My wife asked me to open a wall that separates our kitchen from our living room, this also includes an opening to the stairwell.The opening is 11.5 ft long. This wall is perpendicular to the roof supports above. 
Directly below there is a metal I beam that runs the length of the house. On one side of the wall the beam sits on the block wall and two feet beyond the other side the beam is supported by a steel post. 

i plan on using a veneer beam to replace the studs is 2x12 my only option?

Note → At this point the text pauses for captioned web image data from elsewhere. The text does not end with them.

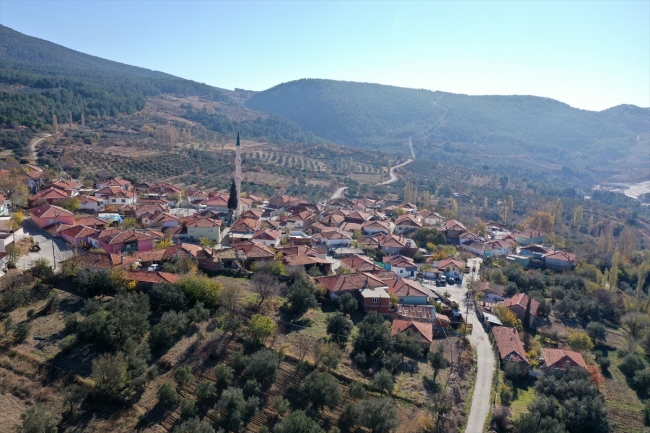 Soma'da maden ocaklarının arasında kalan mahalle taşınıyor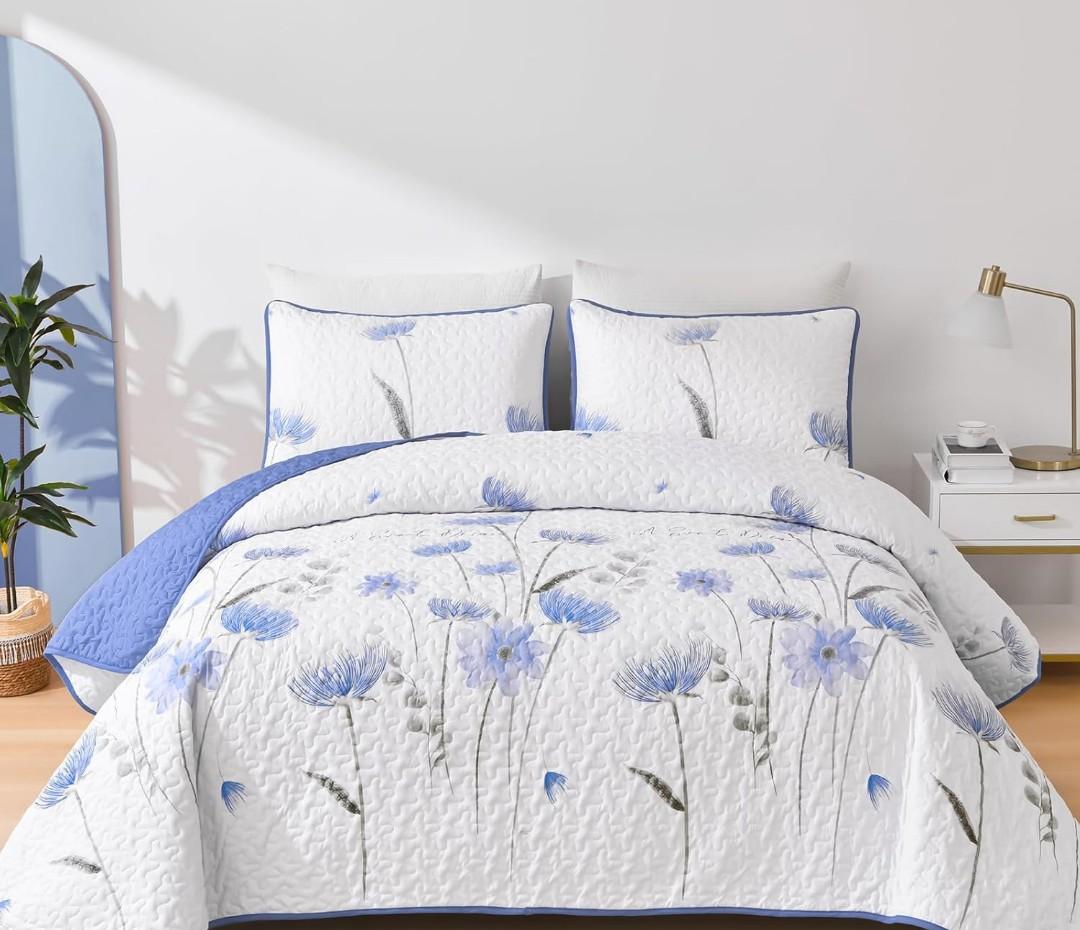 Dinjoy Floral Quilt Set Queen,Blue Bedspreads Queen Size 3 Pieces Cute Bedding Set Farmhouse Quilts Soft Flower Bedspreads White Coverlet Sets for All Season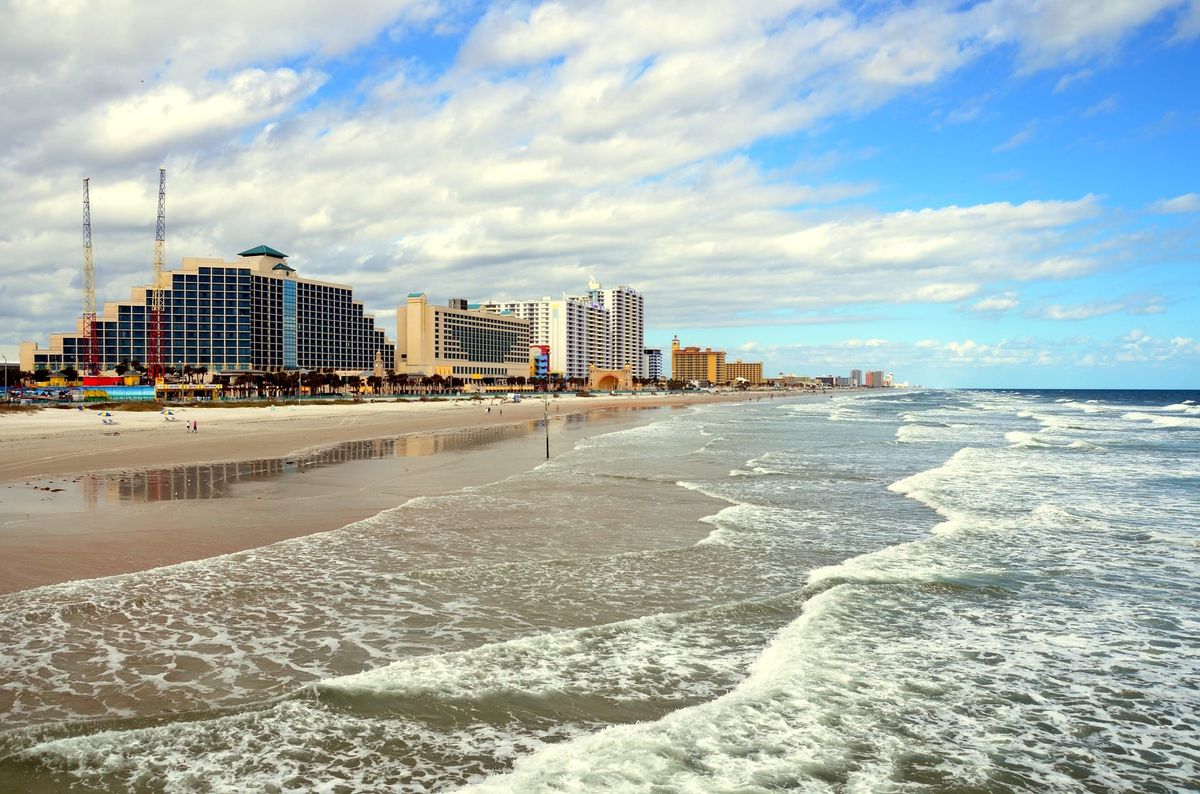 City Guides: Things to do While Boating in Daytona Beach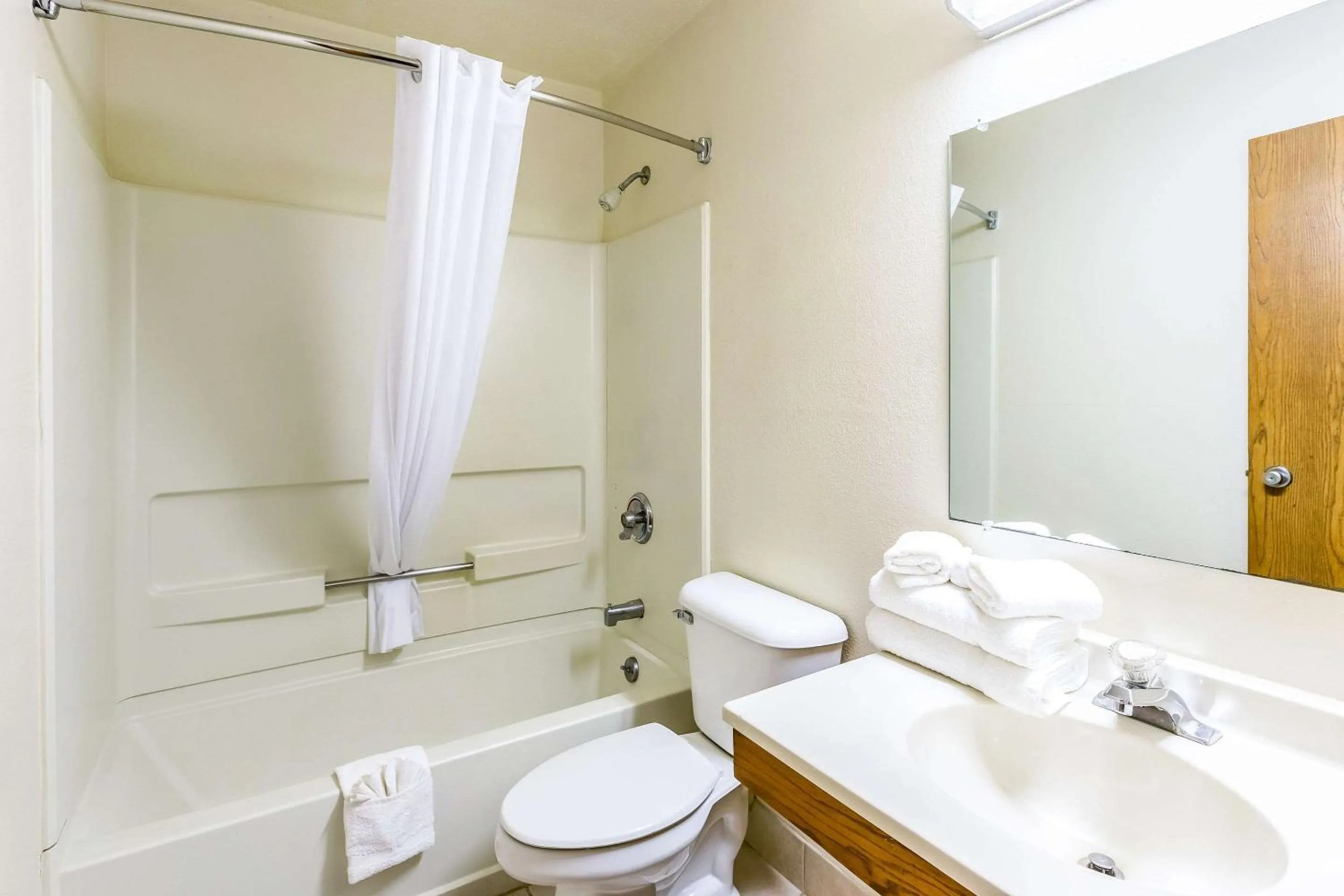 Bathroom in Econo Lodge Inn & Suites Auburn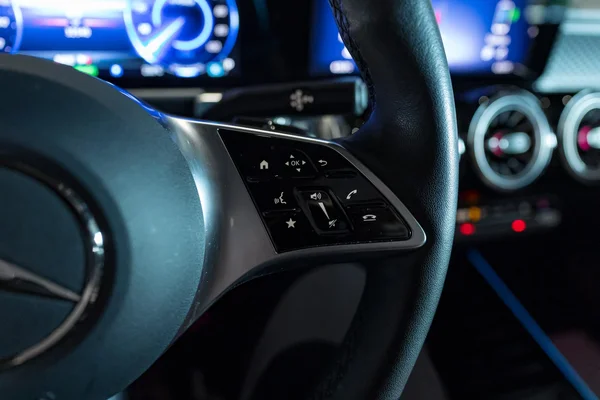 Mercedes-Benz EQB (2025) — foto 22 van 37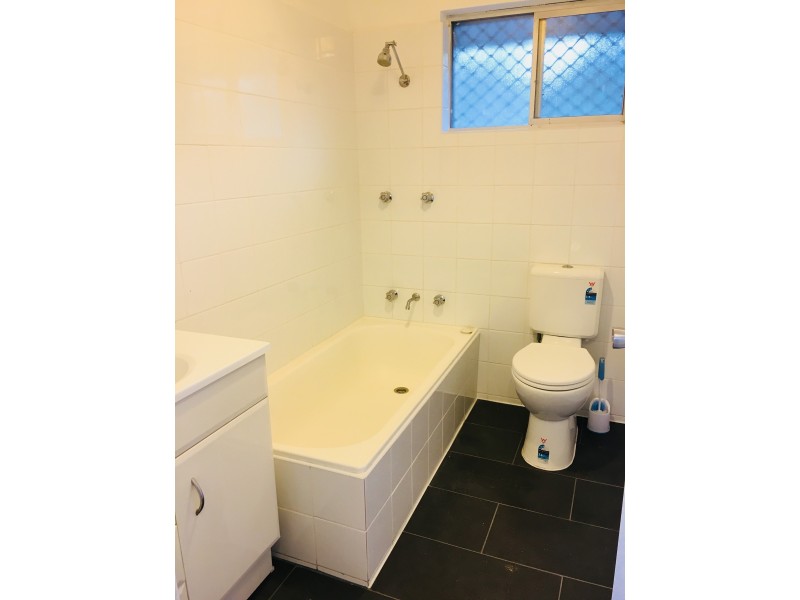 12 Melinda Grove, Lake Heights NSW 2502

Also is there anything i need to do below?


----------



## 1989gta (Dec 18, 2008)

photos of the post


----------



## 1989gta (Dec 18, 2008)

here are photo's from the other side






i would also like to remove the structure above the stairs


----------



## glennjanie (Dec 18, 2008)

Hello GTA:
No, 2 X 12s are not the only way to go. You could also use a glue-laminated beam, whether bought or made on site.
Be sure to install temporary bearing near the wall to keep the roof from collapsing when you take the wall out.
Glenn


----------



## 1989gta (Dec 18, 2008)

glen thanks for the response. 

for the laminated beam would the dimensions be the same as using two 2x12's nailed together. I'm looking for something that would give me the most over head room.

nick


----------



## glennjanie (Dec 18, 2008)

Hello Nick:
Yes, the height of the beam could be made the same as 2 X 12s. Use 2 X 4s to make the beam and it will be the same thickness as a stud.
Glenn


----------



## 1989gta (Dec 18, 2008)

i'm less concerned about the product and more concerned with the amount of headroom i'm sacrificing is there something that would allow me 10 or even 8 inches of space from the ceiling? I plan on removing the top plate to save myself 1.5 inches sinking the beam slightly into the ceiling.


----------



## East_Texas (Dec 19, 2008)

How about an 8" steel I-beam.  Probably take en engineer to do the calculations, but may work.  There are even 6" tall ones available.


----------



## 1989gta (Dec 19, 2008)

after discussing our options with the wife were going to go with a laminated beam and wrap it in Brazilian cherry to match the wood floor border.


----------



## triple D (Dec 21, 2008)

You might want to cut the drywall back about a foot from the wall on the kitchen ceiling. That way you can get an idea on whats up there. You may be able to stuff the beam up to the floor sheeting above, then use some simpson hangers on joists. It looks about a 10' or better span. Better go big on beam, its also supporting stair risers. Maybe a laminated 4x10, 0r 12. Better consult a pro, you dont want any setbacks on this job. Good luck...


----------



## 1989gta (Dec 22, 2008)

thanks for the advise
I went into the attic today and the roof rafters come to a V right above that wall. The rafters overlap and sit right on the top plate of that wall. Looks like i'm going to have to support both sides when i cut the wall out. for the beam support i plan on doubling a some studs and for the beam to rest on.


----------



## glennjanie (Dec 22, 2008)

Hello Nick:
OK now we know what we're up against. There should be 3 studs at each end to support the beam. And yes, it is wise to support both sides temporarily.
Glenn


----------



## 1989gta (Dec 22, 2008)

good to know tomorrow i'll contact some lumber yards to see if i can get some beam pricing and specs.


----------



## erndog (Jan 29, 2009)

Hi I did the same project a few years ago. I have a 1 story house and the wall was load bearing. A local lumber yard had a computer program to calculate the spec's of the beam needed. I went with 2 2x12 laminated beams nailed and glued together. I rented jacks from a rental store for each side to support ceiling while I replaced the beam. I supported the laminated beam on the I-beam in the basement with 4x4 thru holes cut in the floor. I drywalled the arch with plastic round over trim. I haven't had any cracking or settling issues with it.


----------



## jdougn (Jan 31, 2009)

Erndog,

Nice project! I really like the bull-nose corner bead. Thanks for posting picts too! 
Doug


----------